We caught up with Moyin Saka to talk about her experience of filmmaking and the competition. Shot on a webcam, her powerful film 'Too Wide' about the daily routine of a trans person of colour explores the urgent issue of transphobia with a refreshing authenticity. In Saka's own words, the film aims 'to focus and centre a narrative that is never told, yet clearly needs to be, whilst ensuring it is done in a way authentic and true to the lived experience.'
Was this the first film that you made? Was it scary to shoot for the first time?
Moyin Saka: Yes, this was the first film I’d ever made but it wasn’t scary at all, I think the nature of the competition took away any possibility of fear, and also the fact that I was shooting in my own house and with one of my best friends made the experience all the more stress-free.
If so, how is this competition beneficial to first time filmmakers?
Moyin Saka: Despite it not being scary for me, I think a beneficial factor of the competition for first timers is the freedom. When you’re restricted to using very basic equipment it really puts you at a creative advantage, it requires you to think beyond the parameters of the norms of let’s say ‘conventional’ filmmaking. You really are forced to delve into more experimental modes of story-telling and depicting and I think that’s really incredible if you’re made to do that at such an early point in your film-making career.
Another great factor is that it’s really accessible, you know usually when you envision ‘filmmaking’ we think of all this elaborate equipment and the perplexing software that comes alongside it and I think these images can be quite daunting initially, especially for a first timer. But with EWC it’s not like that at all because you’re using the equipment that you use every day, you know, your laptop, your phone, your tablet or whatever you have, you’re used to them, you’re familiar with them – the familiarity is so comforting and it really does help and ease you whilst you’re creating.
How did you come up with the concept?
Moyin Saka: The concept was birthed quite naturally because it was very much a reflection of Travis’s reality, and a part of their reality I was witnessing whilst living with them – In the mornings, Travis would always come into my room after they had gotten ready so they could inspect their outfit in my big mirror, and from my bed I’d just watch them as they gradually fell in love with every aspect of their look, from their clothes to their eye-shadow to their shoes, everything. I’d watch them take pictures of themselves in this comfort and happiness and then I’d watch them leave the house in that same comfort and happiness. And then a few minutes later I’d hear the door slam, I’d hear their footsteps pounding up the stairs and into their room and I knew they’d be going to change their outfit again, all because some transphobic imbecile outside had to have their say or way.

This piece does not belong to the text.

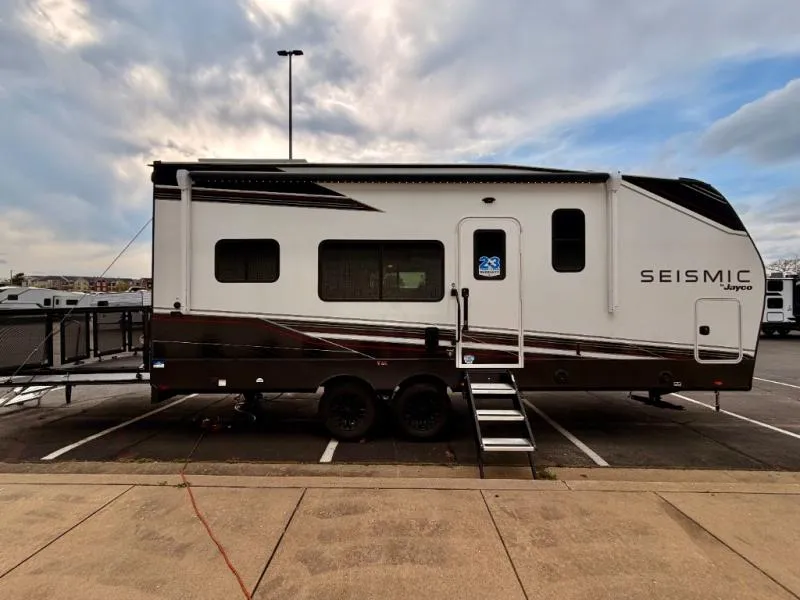 2026 Jayco Seismic New    214 - Photo 2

Were you surprised to win?
Moyin Saka: Yeah I genuinely was surprised, there was one other film which I was pretty convinced had the prize so when I heard ‘Too Wide’ being called out it was a pleasant surprise.
Will you continue to make films?
Moyin Saka: Oh yeah, 100%. I have so many ideas for projects that I really want to get started as soon as possible, but at the same time I’m also trying to navigate my way through my 3rd year so I’ll probably deal with that first.
What changes would you like to see in the film world and the creative industries more general?
Moyin Saka: I could answer this question forever, I think there are so many ways in which the creative industries are failing, but the changes I’d most like to see deal with issues of space and authenticity - for example, who is getting their stories told? Who is being used to tell these stories? How are these stories being told? Who really is benefiting from these stories being told? A lot of the time when we see marginalized voices being depicted on screen, or when we hear silenced narratives being told, it’s not real, or it’s been manipulated in a way that distorts the true reality of it.
Another change I’d like to see is a dismantling of this sort of elitist set-up that currently exists within the creative industries - I think there should be more of a conscious and genuine effort to be making these industry spaces more accessible.